The type of impeachment resolution determines which committee it will be referred to. A resolution impeaching a particular individual is typically referred to the House Committee on the Judiciary. A resolution to authorize an investigation regarding impeachable conduct is referred to the House Committee on Rules, and then referred to the Judiciary Committee. The House Committee on the Judiciary, by majority vote, will determine whether grounds for impeachment exist. If the Committee finds grounds for impeachment they will set forth specific allegations of misconduct in one or more "articles of impeachment." The Impeachment Resolution, or Article(s) of Impeachment, are then reported to the full House with the committee's recommendations.
The House debates the resolution and may at the conclusion consider the resolution as a whole or vote on each article of impeachment individually. A simple majority of those present and voting is required for each article or the resolution as a whole to pass. If the House votes to impeach, managers are selected to present the case to the Senate. Recently, managers have been selected by resolution, while historically the House would occasionally elect the managers or pass a resolution allowing the appointment of managers at the discretion of the Speaker of the House of Representatives.
Also, the House will adopt a resolution in order to notify the Senate of its action. After receiving the notice, the Senate will adopt an order notifying the House that it is ready to receive the managers. The House managers will then appear before the bar of the Senate to impeach the individual involved and exhibit the articles against him or her. After the reading of the charges, the managers return and make a verbal report to the House.

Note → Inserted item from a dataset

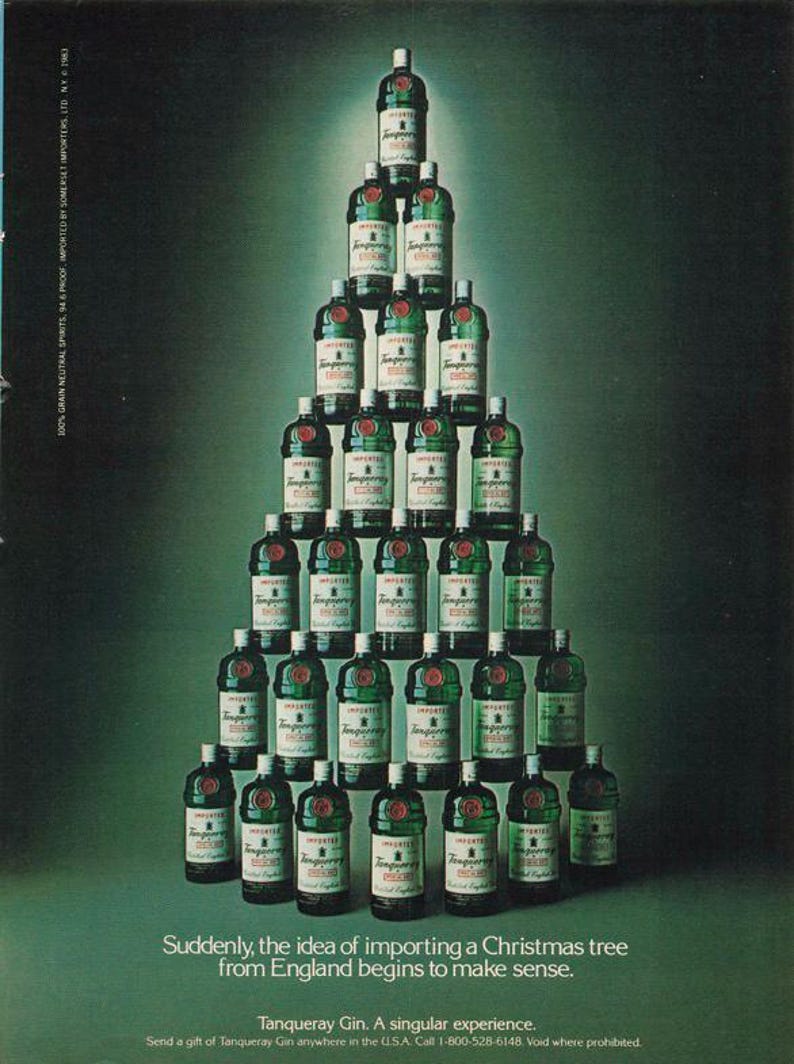 K&ouml;nnte beinhalten: Ein Weihnachtsbaum aus gr&uuml;nen Tanqueray Gin-Flaschen mit wei&szlig;en Etiketten und roten Siegeln. Der Text lautet: &bdquo;Pl&ouml;tzlich macht die Idee, einen Weihnachtsbaum aus England zu importieren, Sinn.&ldquo;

The proceedings unfold in the form of a trial, with each side having the right to call witnesses and perform cross-examinations. The House members presenting the prosecution case, who are given the collective title "managers" during the course of the trial, are allowed full access to the floor of the Senate chamber (a privilege not otherwise given to House members) only for the purposes of the impeachment trial. Senators must also take an oath or affirmation that they will perform their duties honestly and with due diligence (as opposed to the House of Lords in the Parliament of the United Kingdom, who vote upon their honor). After hearing the charges, the Senate usually deliberates in private. Conviction requires a two-thirds majority.
The Senate enters judgment on its decision, whether that be to convict or acquit, and a copy of the judgment is filed with the Secretary of State[1] Upon conviction, the official is automatically removed and may also be barred from holding future office. The removed official is also liable to criminal prosecution. The President may not grant a pardon in the impeachment case, but may use it in any criminal case.
Beginning in the 1980s, the Senate began using "Impeachment Trial Committees" pursuant to Senate Rule XII. These committees presided over the evidentiary phase of the trials, hearing the evidence and supervising the examination and cross-examination of witnesses. The committees would then compile the evidentiary record and present it to the Senate; all senators would then have the opportunity to review the evidence before the chamber voted to convict or acquit. The purpose of the committees was to streamline impeachment trials, which otherwise would have taken up a great deal of the chamber's time. Defendants challenged the use of these committees, claiming them to be a violation of their fair trial rights as well as the Senate's constitutional mandate, as a body, to have "sole power to try all impeachments." Several impeached judges sought court intervention in their impeachment proceedings on these grounds, but the courts generally refused to become involved due to the Constitution's granting of impeachment and removal power solely to the legislative branch, making it a political question.
In writing Article II, Section Four, George Mason had favored impeachment for "maladministration" (incompetence), but James Madison, who favored impeachment only for criminal behavior, carried the issue.[2] Hence, cases of impeachment may be undertaken only for "treason, bribery and other high crimes and misdemeanors." However, some scholars, such as Kevin Gutzman, have disputed this view and argue that the phrase "high crimes and misdemeanors" was intended to have a much more expansive meaning (see, for example, Kevin Gutzman's The Politically Incorrect Guide to the Constitution, which has an extensive discussion of this question).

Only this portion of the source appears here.